Uma solução como a água do mar pode ainda encarnar outras estruturas. Isso ocorre devido a potenciais virtualmente presentes, mas que precisam de singularidades portadoras de informação, não no sentido de bytes como a de Shannon e sim no sentido de informação biológica5como a que deflagra, por exemplo, um processo de cristalização. Associada ao processo de cristalização aparece outro tipo de existência: uma existência individuada, perfeitamente determinada, real, porém, não atual. Existe em potência e necessita uma singularidade portadora de informação para se atualizar. Três modos distintos de existência: a estrutura cristalina virtual, a singularidade que deflagra o processo de cristalização e comunica a informação contida na estrutura virtual e o cristal gerado pelo processo. A informação deve ser entendida como uma comunicação, criada pela singularidade, entre duas ordens de realidades distintas, o atual e o virtual. Adotar a noção de recepção de informação como expressão essencial da operação de individuação implica que a individuação se efetua em certo nível dimensional (topológico e cronológico). Abaixo desse nível a realidade é pré-física e pré-vital, já que é pré-individual. “Acima desse nível há individuação física quando o sistema á capaz de receber informação de uma só vez; a seguir, essa singularidade inicial é desenvolvida e amplificada de modo não autolimitado.
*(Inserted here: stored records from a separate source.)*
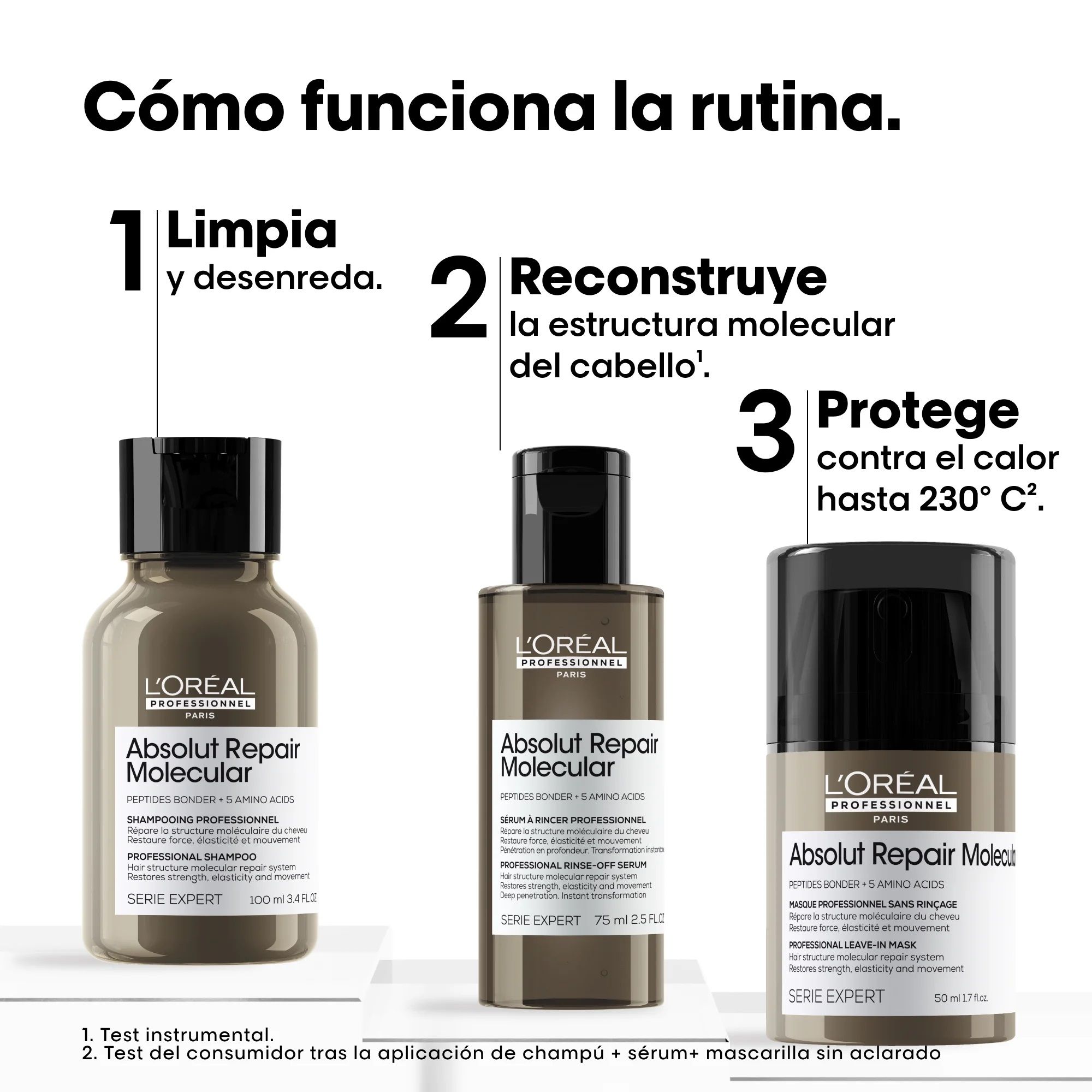 Absolut Repair Molecular Trio komplekts Friziermākslas procedūras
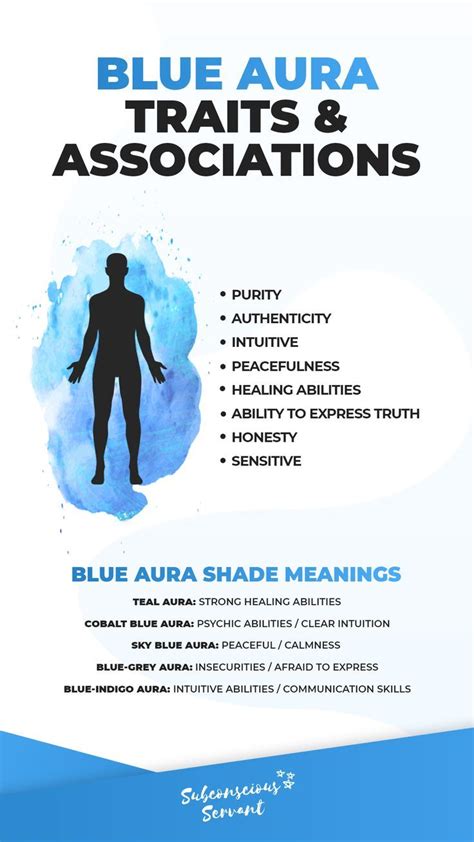 The Amazing Meaning Of Blue Auras Blue Aura Blue Aura Meaning Aura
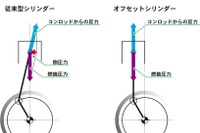 ホンダ、125ccスクーター用エンジンを新開発…燃費を25%向上 画像
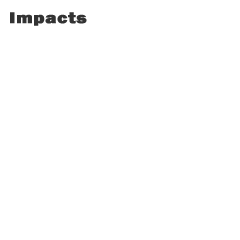 Go to Impacts Section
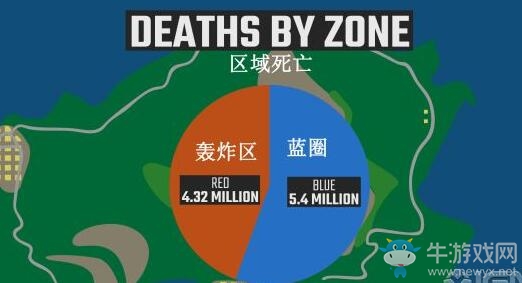《絕地求生大逃殺》大數(shù)據(jù)：游戲時長25815年 吃雞10255噸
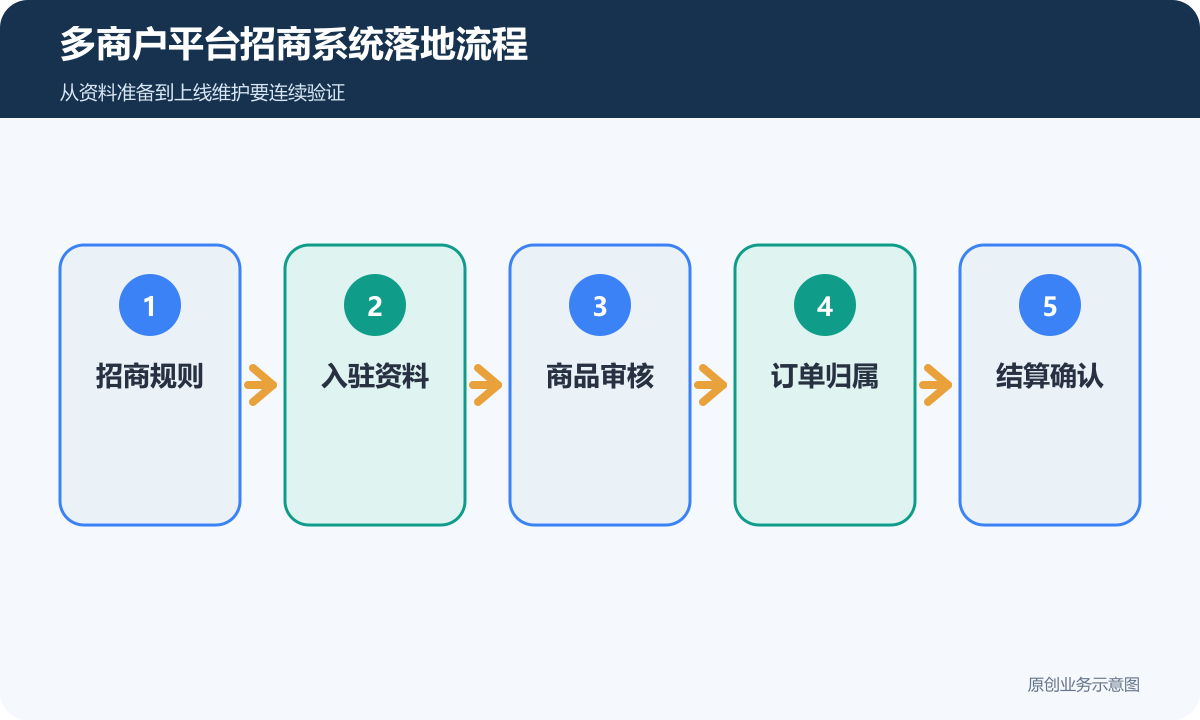 多商户平台招商系统落地流程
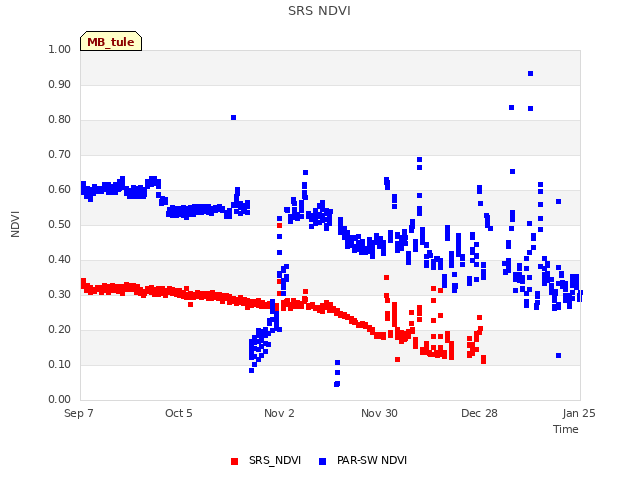 plot of SRS NDVI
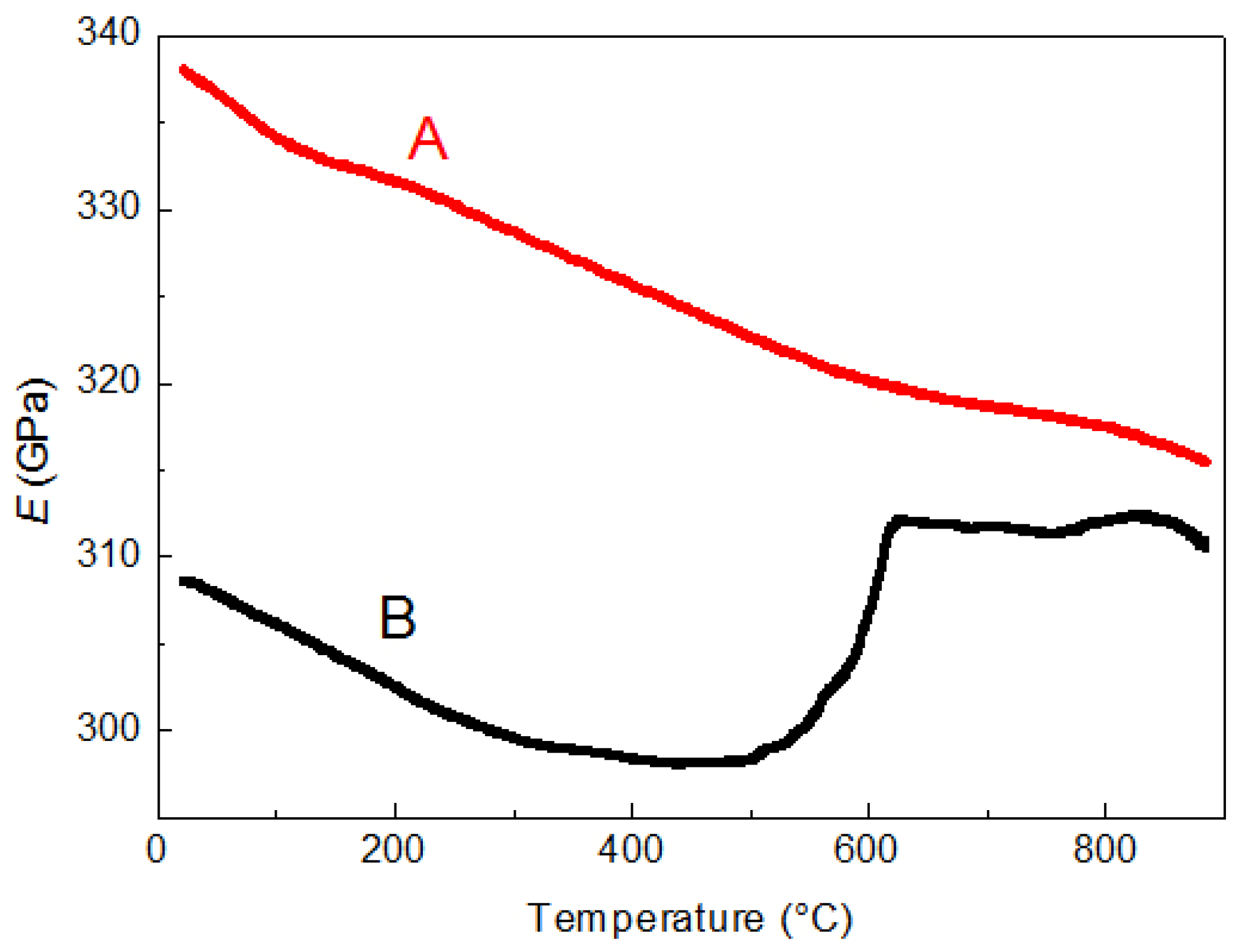 Metals 06 00306 g008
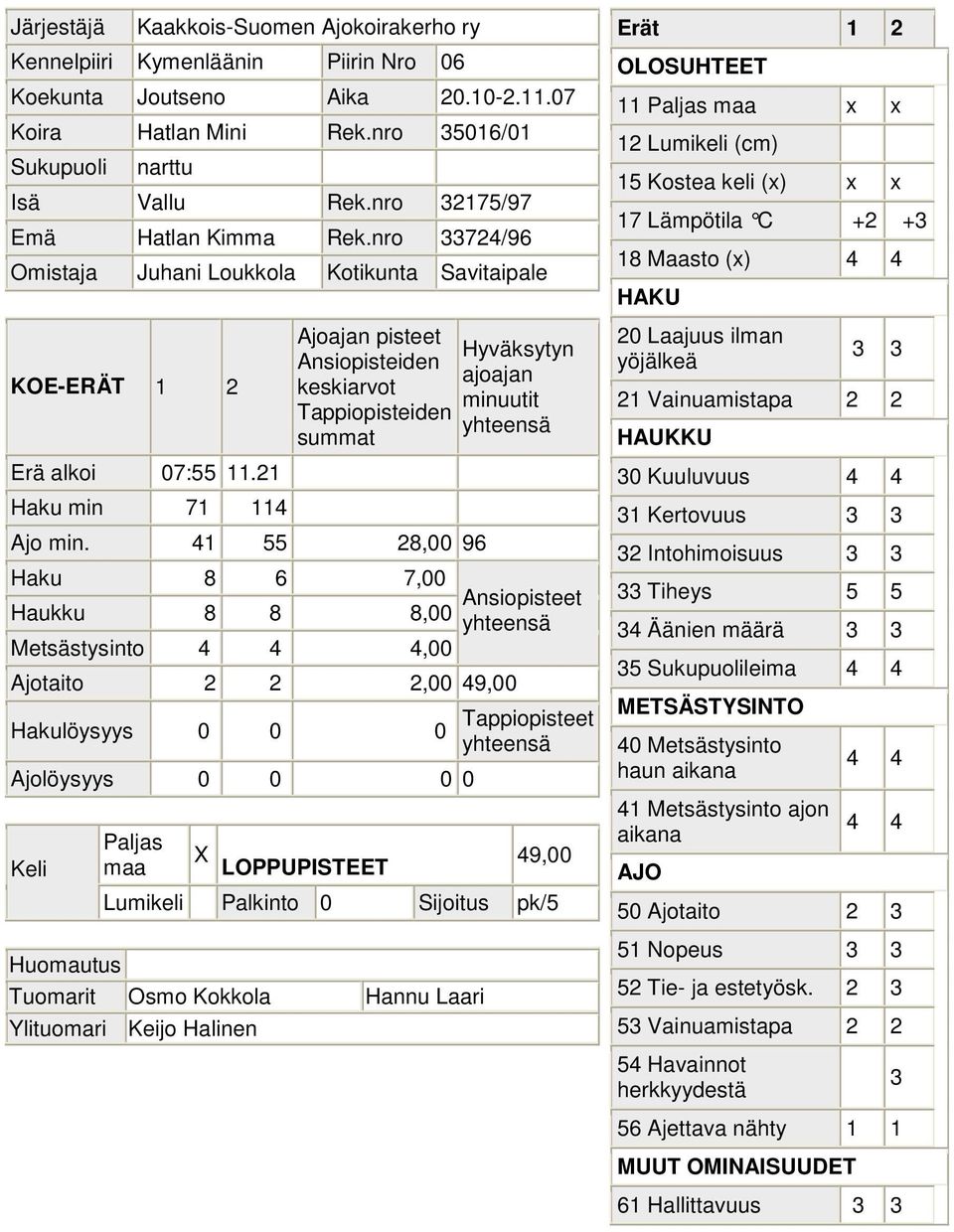 41 55 28,00 96 Haku 8 6 7,00 Haukku 8 8 8,00 Metsästysinto 4 4 4,00 Ajotaito 2 2 2,00 49,00 49,00 Tuomarit Osmo Kokkola Hannu Laari 11 x x 17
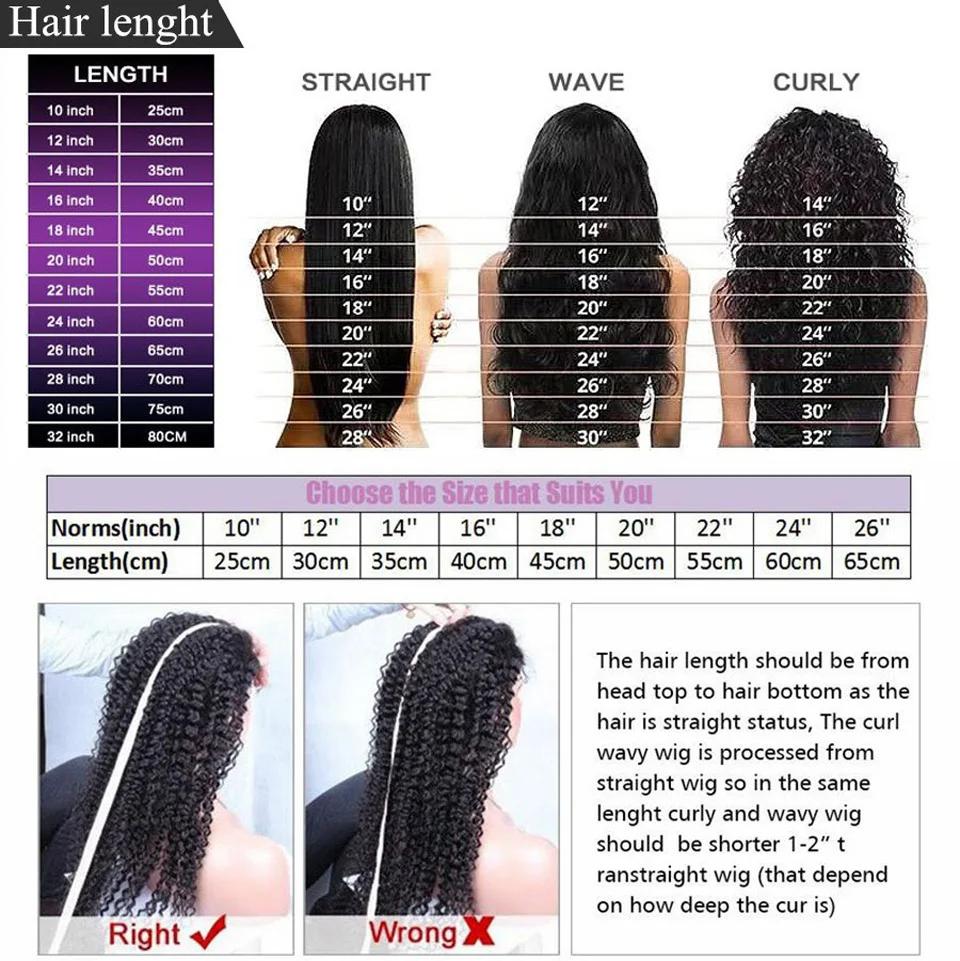 High Quality Apliques e perucas
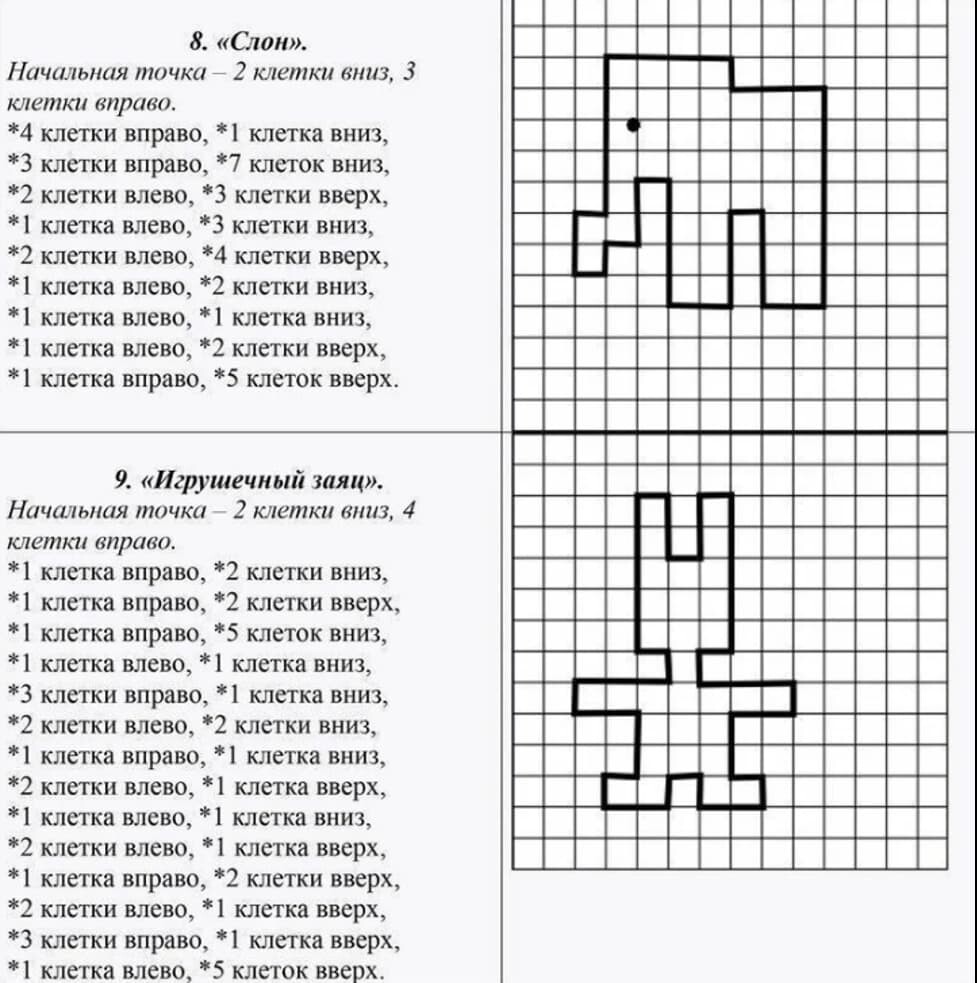 Графический диктант по клеточкам для 1 класса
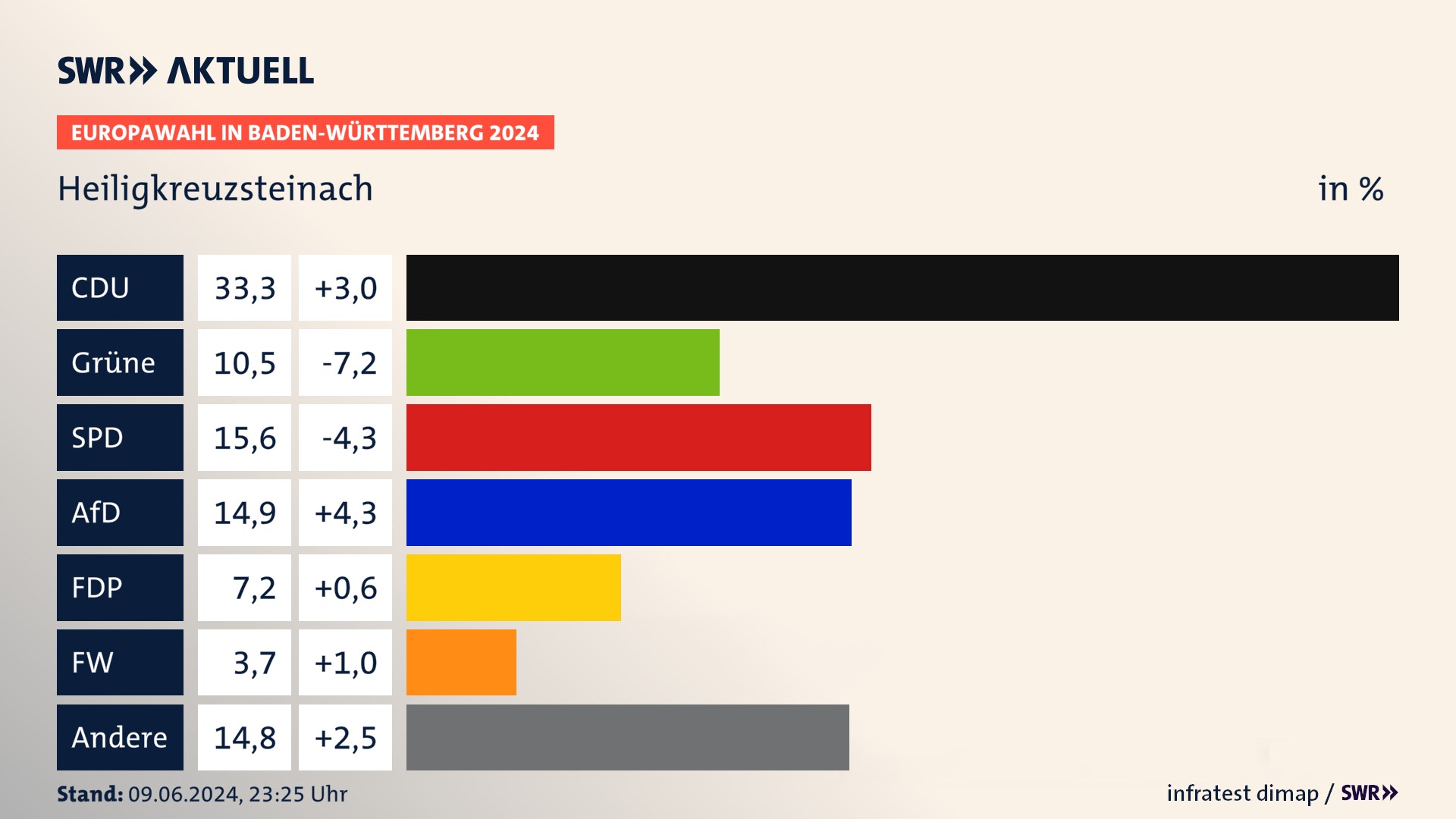 Europawahl 2024 Endergebnis Zweitstimme für Heiligkreuzsteinach. In Heiligkreuzsteinach erzielt die CDU 33,3 Prozent der gültigen  Stimmen. Die Grünen landen bei 10,5 Prozent. Die SPD erreicht 15,6 Prozent. Die AfD kommt auf 14,9 Prozent. Die FDP landet bei 7,2 Prozent. Die 2019 nicht angetretene Partei BSW bekommt 3,7 Prozent.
Quando o sistema é capaz de receber sucessivamente várias entradas de informação, capaz de compatibilizar várias singularidades ao invés de iterar por efeito cumulativo e por amplificação transdutiva6 a singularidade única e inicial, nesse caso a individuação é do tipo vital, autolimitada e organizada.”Esses elementos estão todos ausentes da representação que a consciência e o pensamento fundado no reconhecimento fazem do mundo.
Deleuze vai retomar o pensamento crítico de Kant e colocar nesse modo de representar e problematizar o real críticas que promoverão outra concepção do mundo. O ponto nevrálgico, onde o pensamento crítico e o pensamento especulativo se tornam indiscerníveis, é a questão da cesura ou fissura do Eu. O que Deleuze aponta com muita precisão é que o sujeito empírico, associado à percepção, bem como o sujeito transcendental, deixam de ter o tempo como um mediador, ambos estão no tempo, têm sua gênese no tempo. Não nos cabe neste texto dar desenvolvimento à novidade que Kant traz ao conceito de ideia. Segundo ele não há na Ideia qualquer identificação ou confusão, mas uma unidade problemática interna do indeterminado, do determinável e da determinação, “a Ideia retoma os três aspectos do Cogito: o Eu sou, como existência indeterminada; o tempo, como a forma sob a qual esta existência é determinável; o eu penso, como determinação”. Para Kant, no entanto, dois desses momentos têm características extrínsecas, a Ideia em si mesma é indeterminada, ela só é determinável em relação aos objetos da experiência e só contém o ideal de determinação em relação aos conceitos do entendimento. Para Kant esses três momentos são encarnados em Ideias distintas: o indeterminado (Eu), o determinável (Mundo), o ideal de determinação (Deus ou as Leis da Natureza). Kant constitui a dimensão transcendental tendo por base o empírico e desse modo restringe o transcendental que é de outra natureza. Há aqui uma semelhança com Platão e talvez seja uma motivação comum que os aproxima. Platão para a divisão antes de atingir a diferença interna e coloca em seu lugar um mito. Kant, ao constituir o transcendental referido ao empírico, toma a diferença por suas determinações externas, espacializadas, enquanto a diferença interna genética é de outra natureza, e fica assim excluída novamente.
Deleuze chama a atenção que o empírico é de outra natureza que o transcendental, ao vincular um pelo outro, a diferença é novamente apenas uma diferença exterior: o Eu sou é determinado pelo mundo e a consistência do mundo precisa de um transcendente, Deus (ou as Leis da Natureza) como o limite e a garantia de todo o saber possível.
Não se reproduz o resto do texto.